Phil: "I was in the Virgin Islands once. I met a girl. We ate lobster, drank pina coladas. At sunset, we made love like sea otters. *That* was a pretty good day. Why couldn't I get that day over, and over, and over?"

Phil: "What would you do if you were stuck in one place and every day was exactly the same, and nothing that you did mattered?"
Ralph: "That about sums it up for me."

Rita: "Do you ever have deja vu?"
Phil: "Didn't you just ask me that?"

Phil: "This is pitiful. A thousand people freezing their butts off waiting to worship a rat. What a hype. Groundhog Day used to mean something in this town. They used to pull the hog out, and they used to eat it. You're hypocrites, all of you."

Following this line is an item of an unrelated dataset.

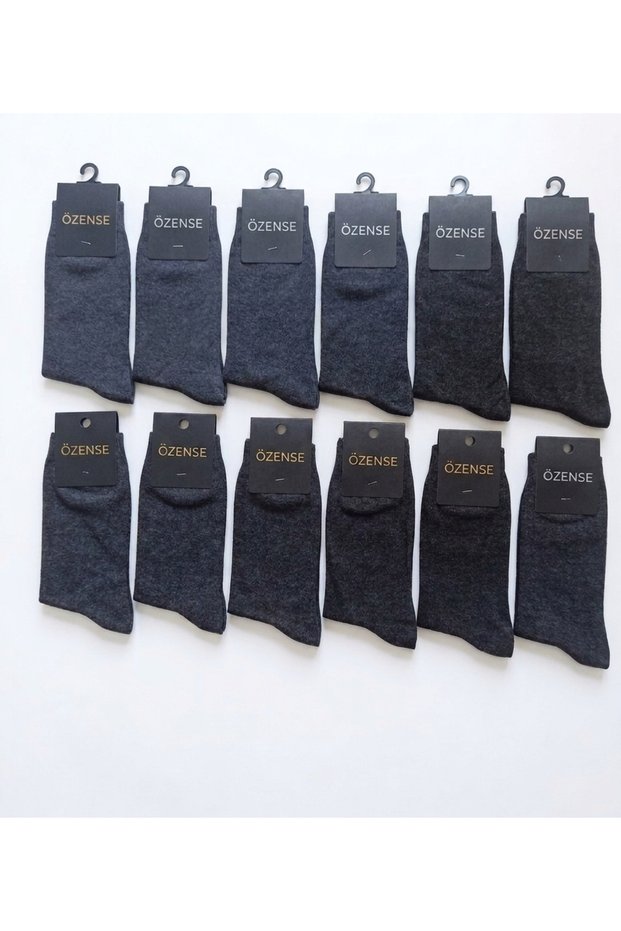 12 Pairs of Dark Gray Colored Classic Long Men's Socks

Phil: "You like boats, but not the ocean. You go to a lake in the summer with your family up in the mountains. There's a long wooden dock and a boathouse with boards missing from the roof, and a place you used to crawl underneath to be alone. You're a sucker for French poetry and rhinestones. You're very generous. You're kind to strangers and children, and when you stand in the snow, you look like an angel."
Isn't this just a beautiful way of saying I love you?

Four out of four Pennsylvania polkas,

Billie
---
Billie Doux is the founder of Doux Reviews and has been reviewing her favorite shows for quite some time. More Billie Doux.

7 comments:

GglGrl Returns! said...

Actually, most of it was filmed in Illinois (at least according to the Internet).

I really enjoy this film. There is something Scroogesque about it (incidentally, I also love Scrooged).

HappyElk said...

Great review Billie! I'm really enjoying your going back to some classic movies, almost as much as I enjoy you and Ben reviewing Star Trek.

Stephen Tobolowsky is one of my heroes. His podcast at tobolowskyfiles.com is inspired and inspiring. As a film and TV lover, I think you'd really like it, Billie.

Austin said...

You know what's funny? I've seen people try to mathematically deduce how many years Phil spent living that one day over and over. It's actually kind of interesting. Did you ever wonder that? Great review, by the way. I love this movie.

Miranda said...

I actually watched this movie for a philosophy class. My midterm paper was on how his life relates to Camus' ideal of the absurd man. So you're not that far off in connecting it to Zen philosophy!

Anonymous said...

Austin, the original writer of this piece had Phil there for 10,000 years....That's ten THOUSAND years.

celticmarc said...

One of my top ten movies. Simply BRILLIANT. You can watch it with so many different pairs of eyes and it is still wonderful.

Barbara Taub said...

In 2003 the Museum of Modern Art offered a film series titled The Hidden God:Film and Faith featuring films on the cinematic religious or spiritual experience. Groundhog Day was the opening presentation among films by Hitchcock, Bergman, Woody Allen, etc, and the participating literary and religious scholars vied for the privilege of writing the program notes for this film. It has been viewed as an allegory and a moral fable and embraced by Christians, Jews, Hindus, Buddhists, as well as atheists. Psychotherapists consider the time loop as a metaphor for arrested development. The philosophical connection is well established.